Près de 4.500 personnes sont portées manquantes après l'effondrement d'un glacier de l'Himalaya qui a déclenché un tsunami d'eau et de boue au Népal et au Tibet voisin en territoire chinois, dont près de 4.000 au seul Népal.

"Mon frère est toujours porté disparu", explique Prakash Chhetri, 46 ans, après avoir affiché sa photo sur le mur.

L'homme en chemise bleue espère que son frère, chauffeur d'un groupe de neuf pèlerins, soit encore vivant, puisqu'un de ses passagers a survécu.

En haut du mur, des photos de membres d'une même famille sont visibles: une femme de 30 ans, une autre de 35 ans avec sa fille de 8 ans.

Des images de jeunes hommes sportifs - dont l'un portait lors de sa disparition des lunettes noires et une veste de sport, précise l'annonce - côtoient celle d'une mère coiffée d'un bonnet, portant avec fierté un bambin dans ses bras.

Debu Sapkota, un chauffeur de 58 ans, est venu lui coller les photos de sa belle-mère de 83 ans et de sa petite-fille, disparues dans la ville de Trishuli Bazaar balayée par la vague mercredi dernier.

Une alerte pour évacuer a retenti, mais la vieille dame était "trop âgée pour courir", témoigne-t-il. Selon un témoin, qui l'a vue partir dans les flots, "sa petite-fille l'a aidée à s'enfuir mais elles ont toutes deux été emportées".

Debu Sapkota confie ne plus avoir "l'espoir qu'elles aient survécu". "Je suis ici dans l'espoir de retrouver leurs corps", dit-il en brandissant les portraits des deux disparues en habits de fête.

- Visages bouffis -

De nombreuses photos d'ouvriers et ingénieurs chinois, travaillant sur les chantiers de plusieurs centrales hydroélectriques, ont été placardées. De même que celle d'un commerçant chinois venu déclarer des marchandises au poste-frontière de Rasuwa.

A côté, des portraits de plusieurs pèlerins indiens et d'un touriste américain apparaissent aussi.

La foule se presse sans interruption devant cette galerie, certains filment l'alignement des visages imprimés.
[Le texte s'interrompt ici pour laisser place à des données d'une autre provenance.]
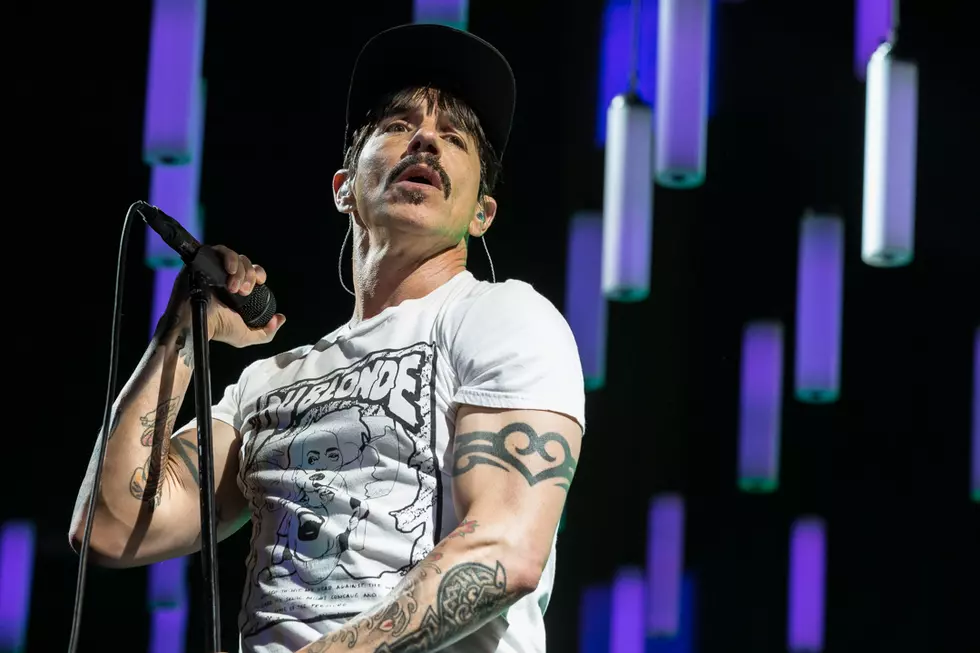 Red Hot Chili Peppers Postpone Three Shows While Anthony Kiedis Fights Bronchitis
Quelques allées plus loin, près de la morgue du complexe médical, sont affichées les photos de corps extraits de la boue, le visage bouffi.

Raj Kumari Tamang, une jeune femme de 20 ans portant un masque, s'est rendue à la morgue à la recherche de son père.

"Mon père, Moti Lal Tamang, était allé payer l'électricité à Trishuli Bazaar", dit-elle, "sa géolocalisation le montre près du pont de Trishuli, mais je n'en sais pas plus".

La police tient dans une cour en plein air un bureau pour aider à l'identification des corps.

"En date de lundi, nous avons reçu 94 corps", explique à l'AFP un policier, O.M. Bahadur Rana, en charge de la gestion des corps après la catastrophe, en précisant que toutes les dépouilles étaient a priori népalaises.

"Nous avons seulement identifié 12 corps et nous les avons remis aux familles", ajoute l'agent.

Cet effort désespéré pour retrouver les victimes se poursuit en ligne, sur un site gouvernemental qui regroupe les informations sur les rescapés et les disparus, avec de nombreux appels à l'aide.

"Hier, nous avons vu la vidéo d'un enfant peinant à s'extraire de la boue qui l'emprisonnait, et qui ressemblait à mon neveu, Suvansh Ghimire, emporté par l'inondation", indique un message.